I wasn’t aware of the previous exchanges you had with other members, which doesn’t serve as an excuse for my rant. I actually appreciate your response, agree with it, and am grateful for the reminder of how this forum should function.

That being said, I think you are well on your way to unraveling some mysteries about the watch. I can see by the alignment of the case back design that it is either 1) a snap-back friction-fit lid (that wasn’t lined up when it was snapped back on), or; 2) a screw-back lid (that wasn’t screwed down all the way).

If you try first to unscrew the lid (and it spins) then you know you’re on the right track. I try first with my bare palm (no rings on the fingers) and cup/press down on the lid (not a perfect suction cup, but just about as best a grip as you get without a tool). My favorite method is to use a ball case opener. Think “stress ball” but with a little stickier surface and enough flexibility to press into the lid and cover as much area as possible.

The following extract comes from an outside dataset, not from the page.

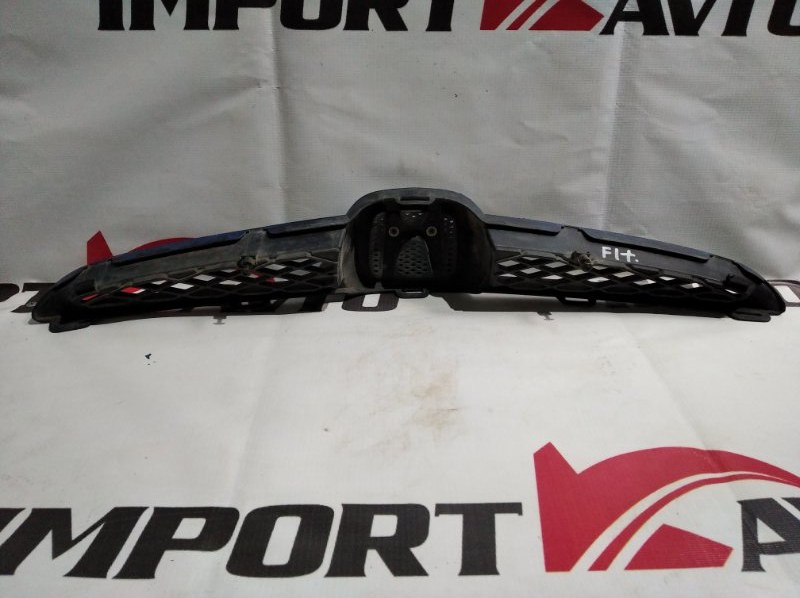 решетка радиатора HONDA FIT GD1 L13A 2001-2004 29075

If it doesn’t spin, it’s either because it’s too tight or misthreaded UNLESS it’s a friction-fit snap-back lid. Best way to know is to look closely at the edge where the back lid contacts the case, and first look for an obvious lip or slight gap that would accept the edge of a case-opening blade. Only if it’s an obvious gap intended for a blade edge would I attempt it. It’s a fine line between success and slippage, so go at a slow pace. The shape of the blade helps too.

Short of having success, get it to a professional for help. Once open, take the best photo you can get so that future curiosity might be answered by the photos instead of “going back in.” Photos of the movement AND inside the case would be good. As noted by others, it’s the serial number of the movement you’ll need, likely in the ten millions/eight digits.

A useful but not perfect website tool to use is:



Input the entire eight-digit serial number, select “Waltham” and see what pops up.

Good luck, and again, apologies for my initial poorly directed post.
Thank you very much. I greatly appreciate the sincere apology and the willingness to take the time to write all of that out and be very helpful. I also appreciate the difference between shooting from the hip late at night with a tired mind as opposed to having a much more diplomatic view after a good nights rest. I have fallen victim to that very trap many times myself so no harm, no foul.

The pocketwatchdatabase looks like a great tool, thank you for pointing me towards it. You have offered several good tips, all of which I will try when I get to handle the watch, in the next few days I think.

Thanks again, I do really appreciate that we are both able to be amicable after all. I will come back and update here when I have more information to share.